• [YOUR INSTRUCTIONS]
Would you restate all the entries exactly, leaving nothing out?

• [DATA EXTRACTS]
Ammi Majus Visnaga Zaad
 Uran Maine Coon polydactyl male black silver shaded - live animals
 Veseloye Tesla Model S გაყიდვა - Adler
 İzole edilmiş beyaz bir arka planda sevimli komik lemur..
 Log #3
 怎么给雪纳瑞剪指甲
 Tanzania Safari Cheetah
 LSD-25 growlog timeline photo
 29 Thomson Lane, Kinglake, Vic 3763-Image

• [OUTPUT OF THE TASK]
Ammi Majus Visnaga Zaad
 Uran Maine Coon polydactyl male black silver shaded - live animals
 Veseloye Tesla Model S გაყიდვა - Adler
 İzole edilmiş beyaz bir arka planda sevimli komik lemur..
 Log #3
 怎么给雪纳瑞剪指甲
 Tanzania Safari Cheetah
 LSD-25 growlog timeline photo
 29 Thomson Lane, Kinglake, Vic 3763-Image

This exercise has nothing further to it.